I think the majority of people deal with some type of conflict every day in their lives. We all know the people who avoid it, we know the people who create it, and we know the people who try to resolve it.
I have had a few conflicts come to light over the last few weeks and have handled all of them differently. Each one of these situations was very different, with different personalities, and different stakes on the line. Although I thought carefully about each of them, I still question whether I am handling/handled them correctly.
Is there a right way to handle conflict? Can you guarantee the same result EVERY time you run into a disagreement with someone if you always use the same remedy? You may handle every conflict the same but I am pretty sure the outcomes aren’t always the same, or predictable. There are too many variables in any given situation.
It amazes me how difficult conflict can be and how much stress it adds to our lives. One side of the argument may stay up at night tossing and turning and the other brushes it off within 5 minutes. Typically, we think the party that thinks the other is not as concerned, doesn’t value their feelings or is just plain ignorant. But is that really true?
There could be a multitude of factors for the person that moves on quicker. Past experience, busy schedule, other stress in their life. Who even knows. You probably don’t because you haven’t… well, just asked.
Like every other thing in my life, I am trying to find the harmony. When do I address the situation and when do I let it go?
It depends on the situation. But one thing is for certain, I try my very best to approach the other party with open arms and open ears. Ready and eager to listen to their side before I jump to conclusions.
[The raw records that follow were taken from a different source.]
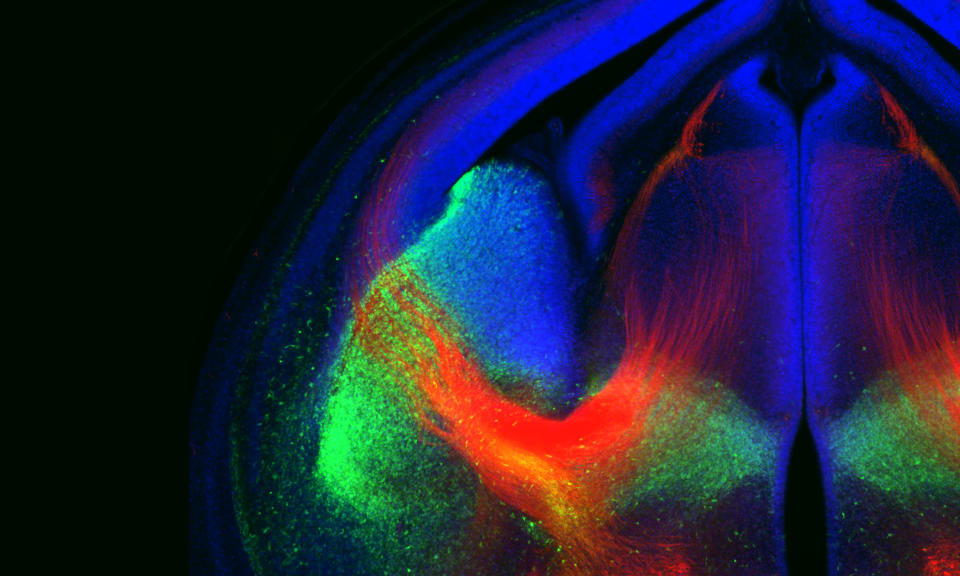 This colorful picture shows the wiring in a developing brain. Axons (red) are the cables that neurons use to transmit their information, often over relatively long distances and taking highly circuitous routes. The other colors represent different areas of the brain.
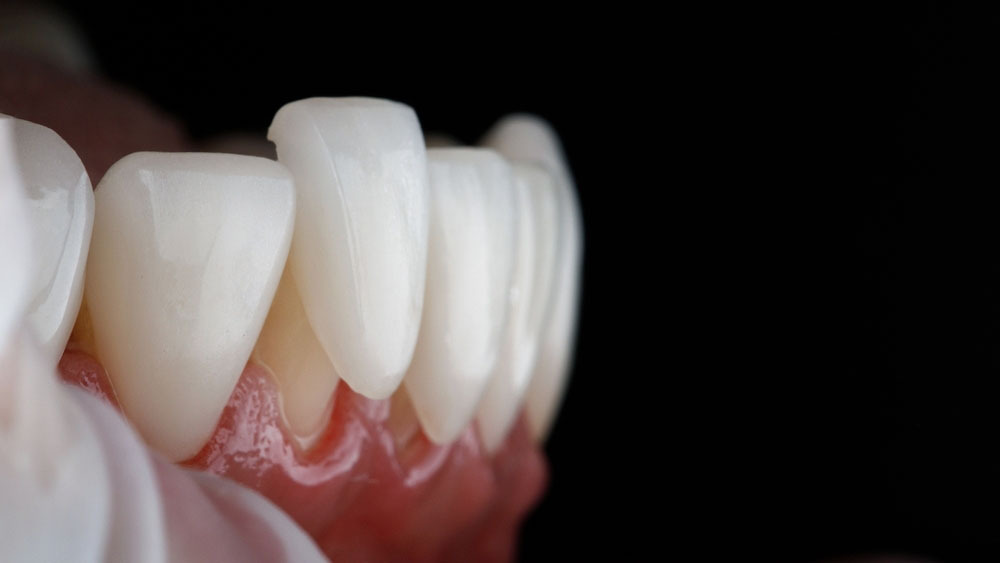 porcelain veneers for missing teeth  - instasmile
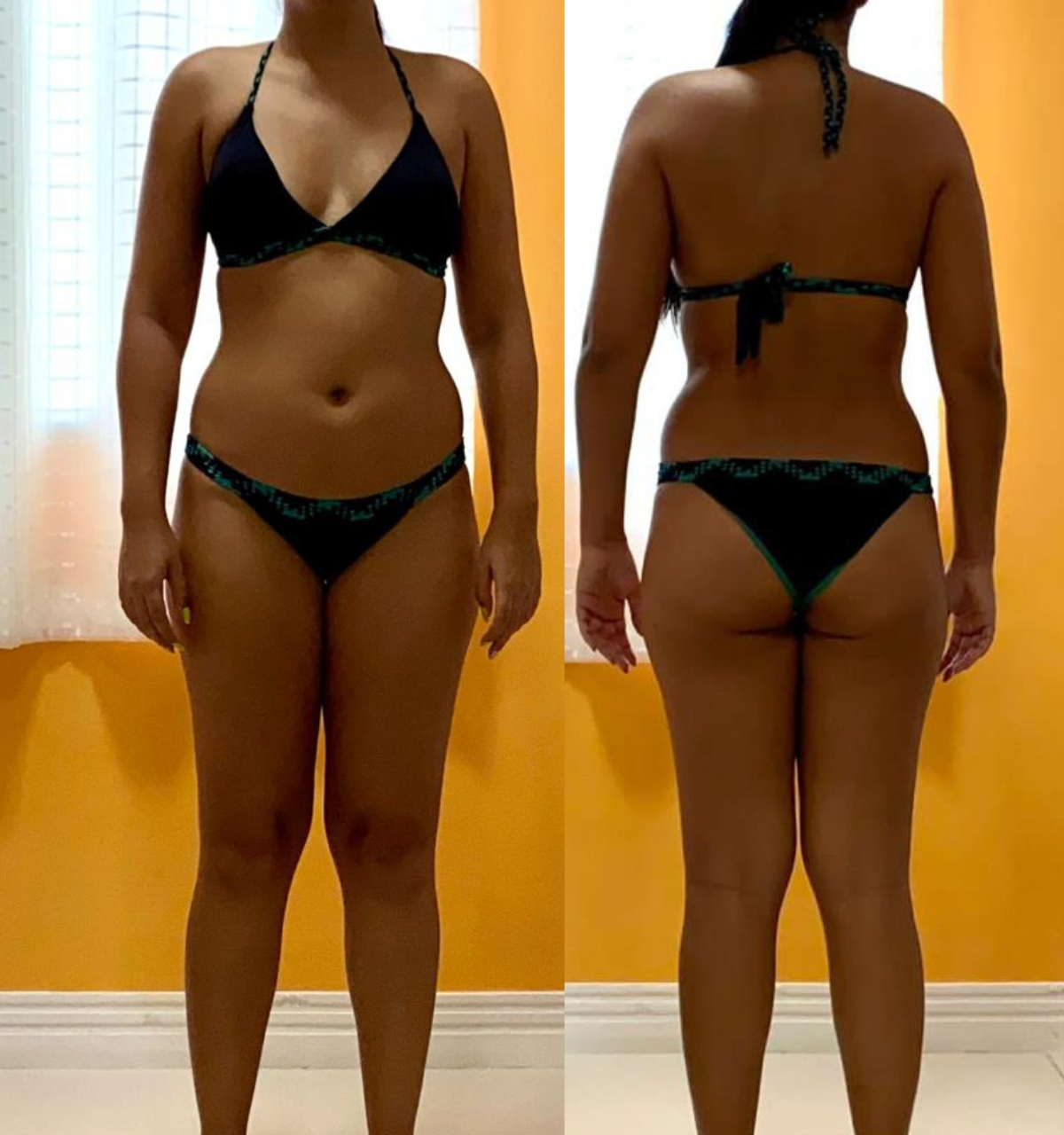 Antes - costas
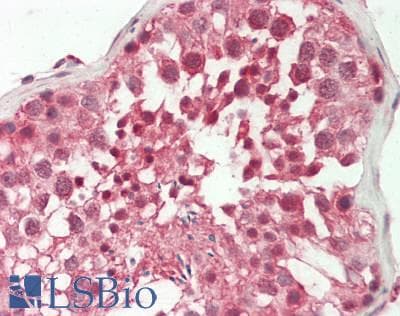 ADAM15 Antibody (HRP)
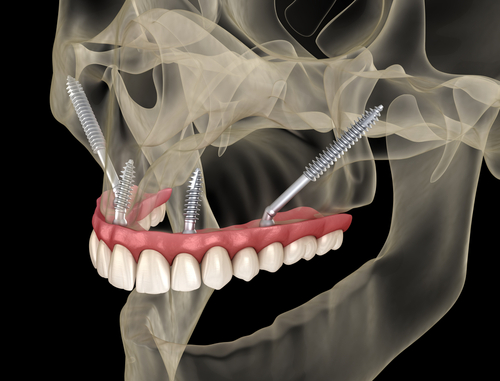 Zygomatic Dental Implants Nashville TN
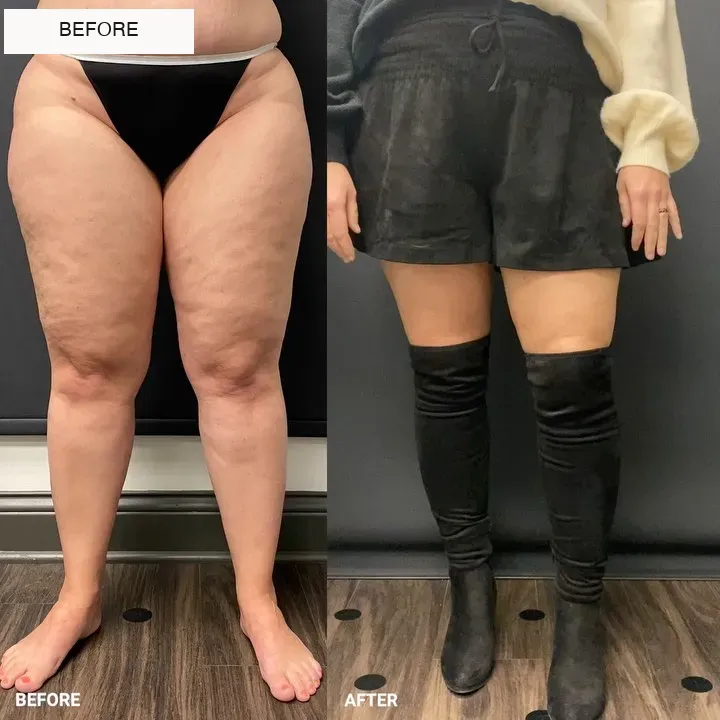 Lipedema before-and-after comparison.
Are you doing the same? Could there be someone in your life you brushed off too quickly? Is there someone in your life that took it too far and you need to confront?
It amazes me how difficult conflict can be and how much stress it adds to our lives.
Remember to try to leave your BIG emotions at the door. Emotion fuels a lot of how we handle any situation but don’t let it control the situation. Always acknowledge other’s feelings, right or wrong, it is HOW THEY FEEL! Majority of the time, you are able to negotiate and come to a quicker agreement and move on.
Remember conflict is not a negative thing. It creates bonds, develops bigger ideas and can heal. It’s a form of teamwork.
My encouragement is for you to address the conflict in your life this Monday. Evaluate and act. Don’t dismiss those who have tried to approach you. You may need time, but you don’t have forever. You may never get the chance to open that door again.